**Records for processing:**
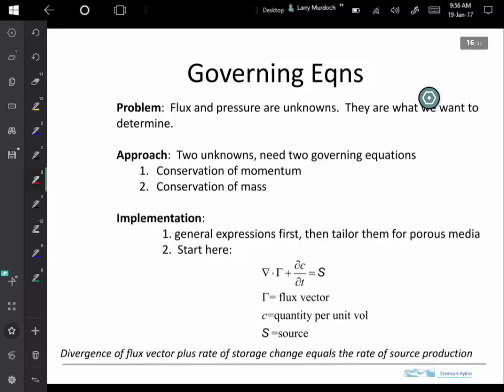We need to have some governing equations, and we want to have the flux and pressure — those are the unknowns, what we're going to want to determine. We'll have two equations based on two assumptions: we're going to conserve mass and conserve momentum. Those will be the two real starting points that will give us the governing equations.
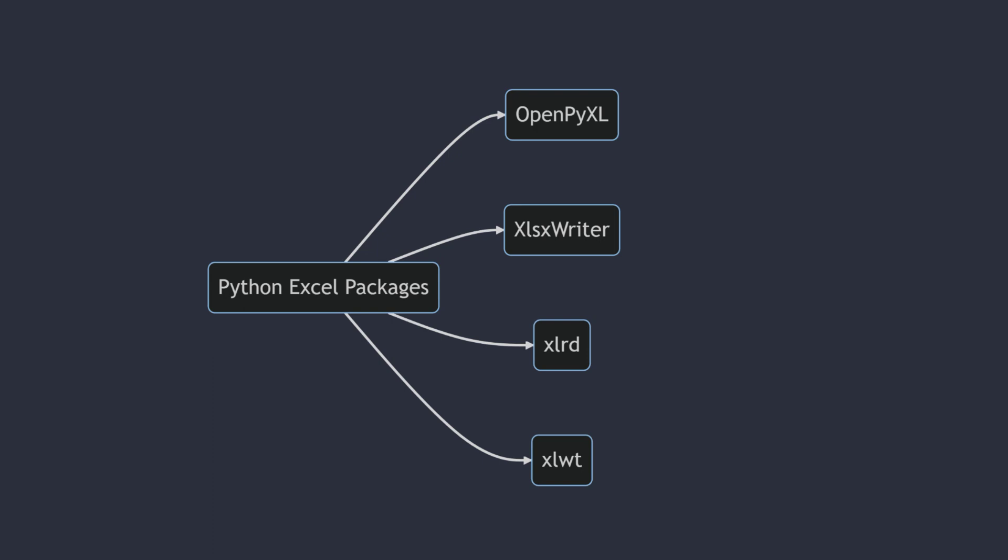There are multiple packages which allow you to read and write Excel files using Python. Most popular ones are openpyxl and xlsxwriter.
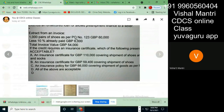1,000 pairs of shoes as per PO number so and so — it's given in that invoice. Less 10% already paid. Total invoice value GBP 54,000. So 6,000 is already paid before the credit. This total gross value of the shoes is 60,000 GBP, and the total invoice value is 54,000.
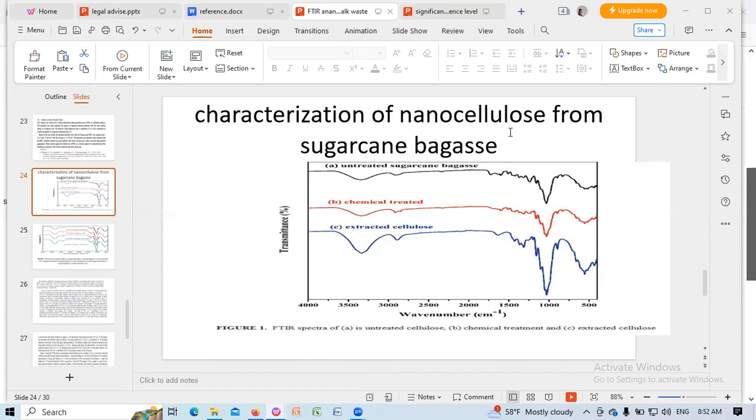Hello, good morning and welcome. Today my discussion topic is characterization of nanocellulose from sugarcane bagasse.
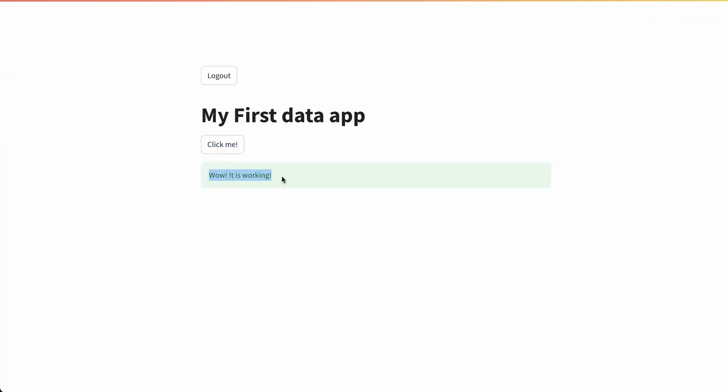Wow, it's working! And that's it. Let's go and build your first Data App as well.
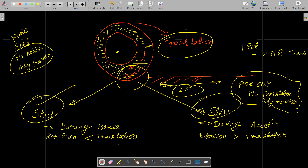So this is skidding — the concept of skidding. When heavy braking is applied, the rotation stops but translation still occurs. That is pure skidding — where the wheel is sliding without rotating, because the brake has been applied.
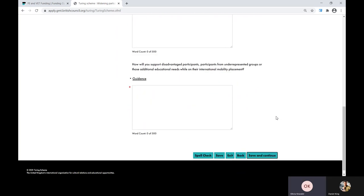The final question in this section is how you will support disadvantaged participants, participants from underrepresented groups, or those with additional educational needs while on their international mobility placement. Describe how you will ensure these participants' needs are met and what measures you will take, for example arranging suitable accommodation. Additional support can be critical to ensuring people from disadvantaged backgrounds get the full benefit from their international activities, and it is imperative that organisations use extra resources to support them fully.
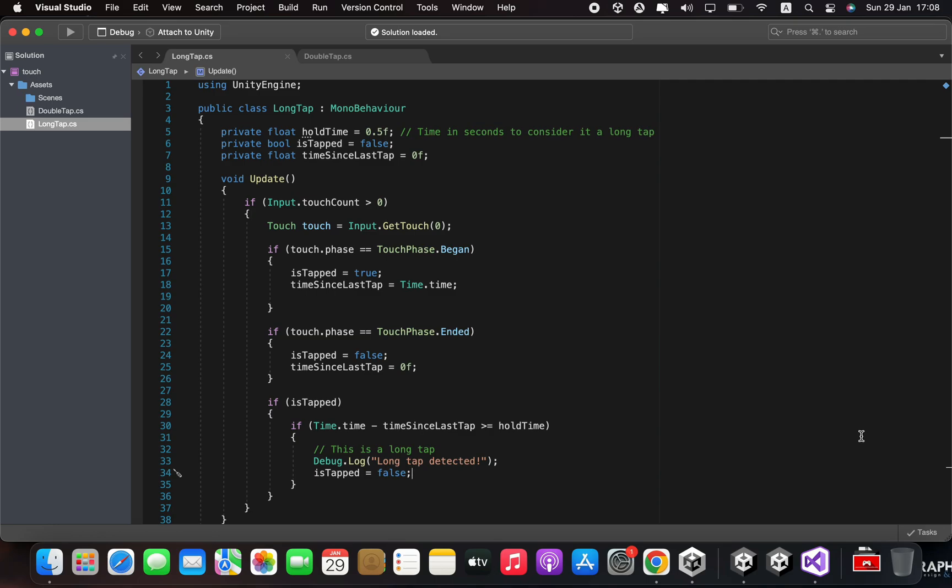We check the touch phase of the touch. If it is touch phase began, we set is tapped to true and set the time since last tap to the current time.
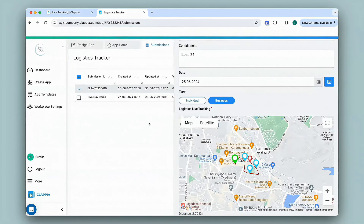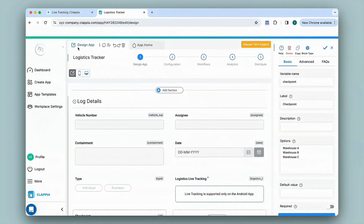In this way you can make use of the live tracking block to check the location of the employee when they are on the go. If you have any queries on how to implement live tracking for your app or any other feature in Clapia, you can reach out to us by clicking the button here or contact us directly at support@clapia.com and we'll be happy to assist you. Thank you.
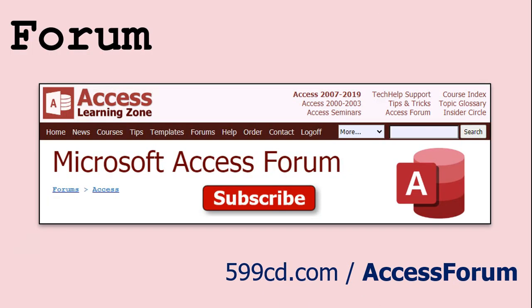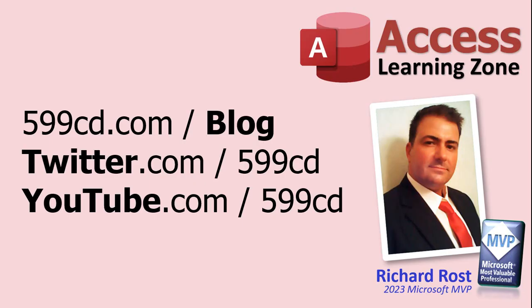While you're on my website, be sure to stop by my access forum. We've got lots of lively conversations about Microsoft access and other topics. I have a fantastic group of moderators who help me answer questions. Shout out to Alex, Kevin, Scott, Adam, John, Dan, Juan and everybody else who helps out on the site. I appreciate everything you do. I couldn't do it without you. Be sure to follow my blog. Find me on Twitter and of course on YouTube. Yeah, I'm on Facebook too, but I don't like Facebook. Don't get me started.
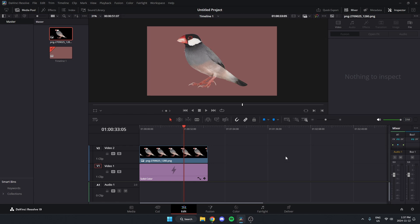I'm going to show you how to add a white border around an image in DaVinci Resolve. As you see right now, I have this bird and I want to add a white border around it.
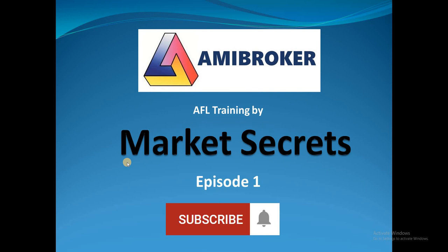This series will have short videos which will explain how to use AmiBroker and how to develop your own trading strategy using AmiBroker AFL and how to backtest it before deploying it. Everything will be covered in the form of short videos. In today's episode, we are going to see how to get started with AmiBroker.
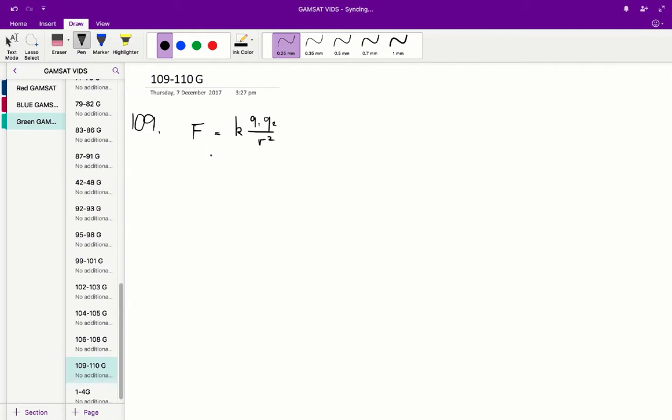The force due to an electric charge is equal to k times q1, q2 over r squared, where r is the distance between the two charged particles.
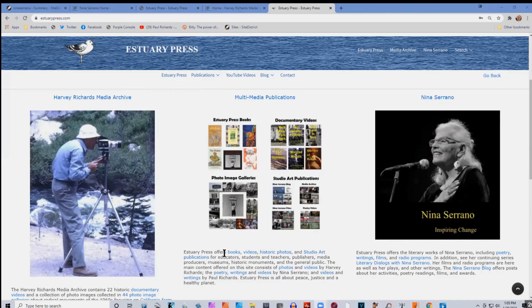Today I'm here to celebrate the launch of the Estuary Press website with its publisher Paul Richards. Congratulations on the launch of the new site, Paul. Thank you, it's great to get a chance to talk about it, especially with you who does a lot of these same kinds of publishing activities and is an old friend. The new site has three components: the Harvey Richards Media Archive, the publications of Estuary Press, and the Nina Serrano website.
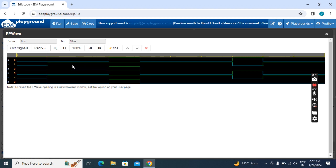So this is the process of simulation of Verilog or SystemVerilog, UVM by using EDA Playground.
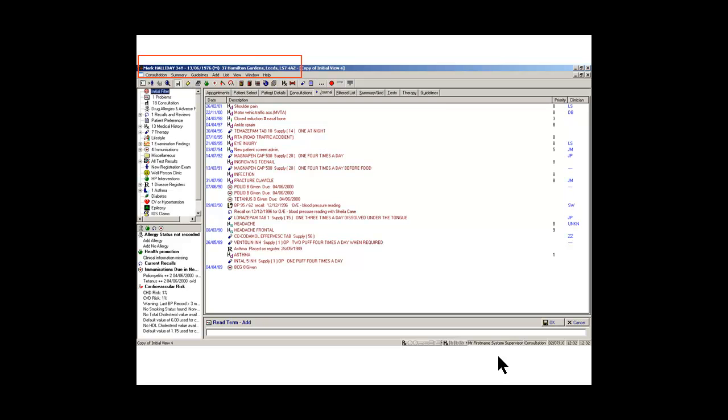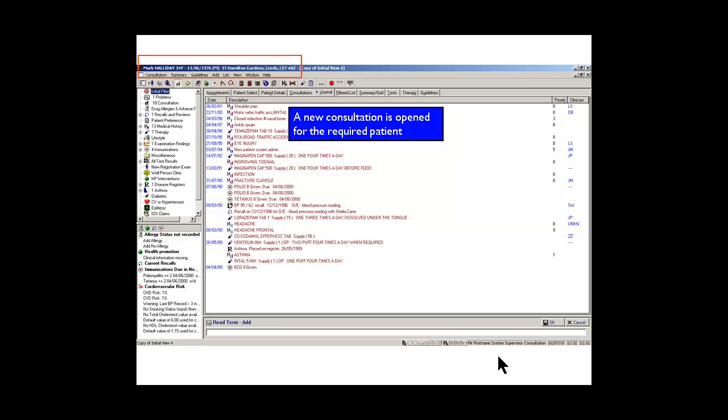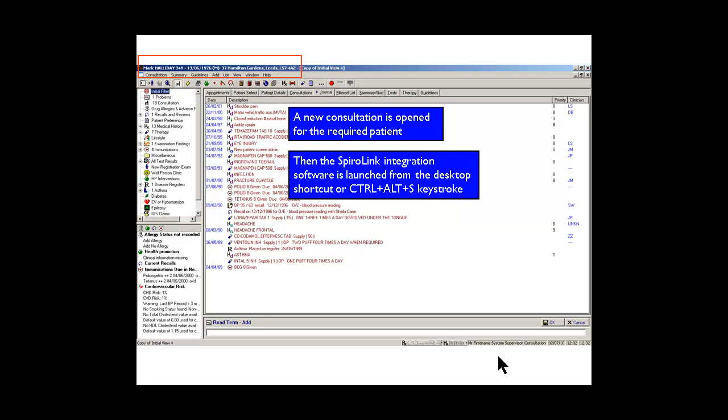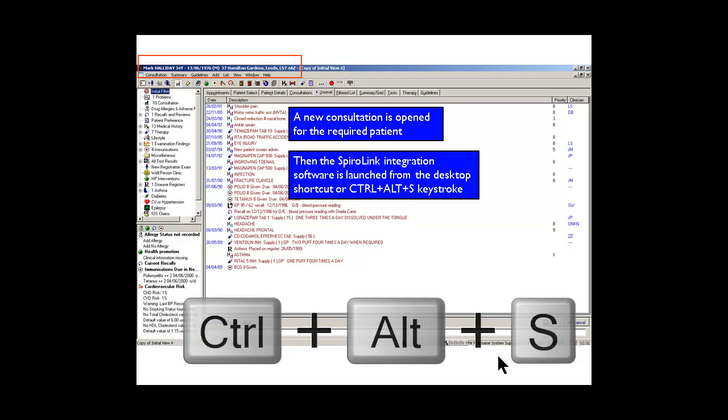First of all, we go into the patient record. The new consultation is opened. We can then initiate the SpyroLink software by pressing Ctrl, Alt and S on the keyboard.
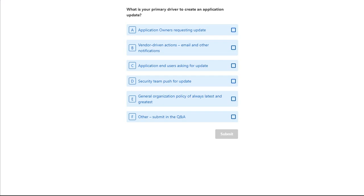Obviously all of these can play a part in any organization, but we're interested in the majority or primary driver. There's probably going to be two or three main drivers, and it would be really great to understand how this has changed — if we asked people 10 years ago, it would be very different to how it is today. We'll give you a few moments to select one, and if yours isn't on the list, choose option F and throw it in the Q&A.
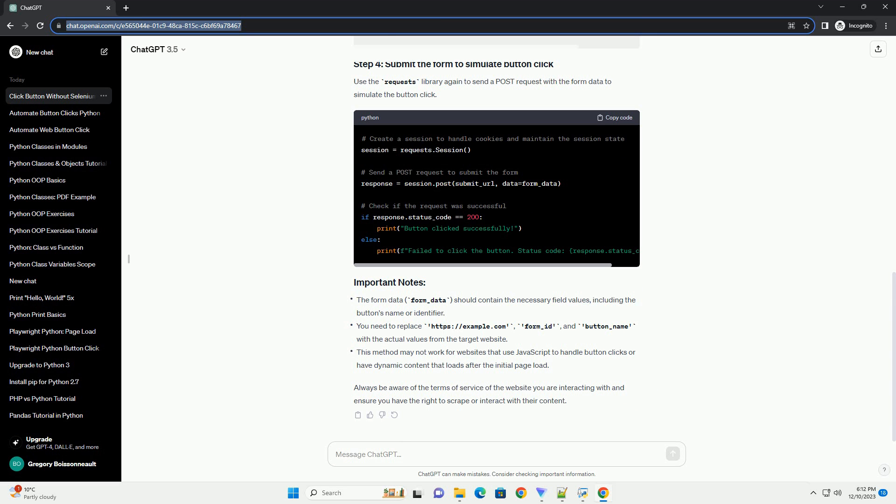Use the Requests library again to send a POST request with the form data to simulate the button click.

**What the task requires:** Without including the pictures, copy all of the data exactly.

**Answer space:**
We need to have some governing equations, and we want to have the flux and pressure — those are the unknowns, what we're going to want to determine. We'll have two equations based on two assumptions: we're going to conserve mass and conserve momentum. Those will be the two real starting points that will give us the governing equations.
There are multiple packages which allow you to read and write Excel files using Python. Most popular ones are openpyxl and xlsxwriter.
1,000 pairs of shoes as per PO number so and so — it's given in that invoice. Less 10% already paid. Total invoice value GBP 54,000. So 6,000 is already paid before the credit. This total gross value of the shoes is 60,000 GBP, and the total invoice value is 54,000.
Hello, good morning and welcome. Today my discussion topic is characterization of nanocellulose from sugarcane bagasse.
Wow, it's working! And that's it. Let's go and build your first Data App as well.
So this is skidding — the concept of skidding. When heavy braking is applied, the rotation stops but translation still occurs. That is pure skidding — where the wheel is sliding without rotating, because the brake has been applied.
The final question in this section is how you will support disadvantaged participants, participants from underrepresented groups, or those with additional educational needs while on their international mobility placement. Describe how you will ensure these participants' needs are met and what measures you will take, for example arranging suitable accommodation. Additional support can be critical to ensuring people from disadvantaged backgrounds get the full benefit from their international activities, and it is imperative that organisations use extra resources to support them fully.
We check the touch phase of the touch. If it is touch phase began, we set is tapped to true and set the time since last tap to the current time.
In this way you can make use of the live tracking block to check the location of the employee when they are on the go. If you have any queries on how to implement live tracking for your app or any other feature in Clapia, you can reach out to us by clicking the button here or contact us directly at support@clapia.com and we'll be happy to assist you. Thank you.
While you're on my website, be sure to stop by my access forum. We've got lots of lively conversations about Microsoft access and other topics. I have a fantastic group of moderators who help me answer questions. Shout out to Alex, Kevin, Scott, Adam, John, Dan, Juan and everybody else who helps out on the site. I appreciate everything you do. I couldn't do it without you. Be sure to follow my blog. Find me on Twitter and of course on YouTube. Yeah, I'm on Facebook too, but I don't like Facebook. Don't get me started.
I'm going to show you how to add a white border around an image in DaVinci Resolve. As you see right now, I have this bird and I want to add a white border around it.
This series will have short videos which will explain how to use AmiBroker and how to develop your own trading strategy using AmiBroker AFL and how to backtest it before deploying it. Everything will be covered in the form of short videos. In today's episode, we are going to see how to get started with AmiBroker.
The force due to an electric charge is equal to k times q1, q2 over r squared, where r is the distance between the two charged particles.
Today I'm here to celebrate the launch of the Estuary Press website with its publisher Paul Richards. Congratulations on the launch of the new site, Paul. Thank you, it's great to get a chance to talk about it, especially with you who does a lot of these same kinds of publishing activities and is an old friend. The new site has three components: the Harvey Richards Media Archive, the publications of Estuary Press, and the Nina Serrano website.
So this is the process of simulation of Verilog or SystemVerilog, UVM by using EDA Playground.
First of all, we go into the patient record. The new consultation is opened. We can then initiate the SpyroLink software by pressing Ctrl, Alt and S on the keyboard.
Obviously all of these can play a part in any organization, but we're interested in the majority or primary driver. There's probably going to be two or three main drivers, and it would be really great to understand how this has changed — if we asked people 10 years ago, it would be very different to how it is today. We'll give you a few moments to select one, and if yours isn't on the list, choose option F and throw it in the Q&A.
Use the Requests library again to send a POST request with the form data to simulate the button click.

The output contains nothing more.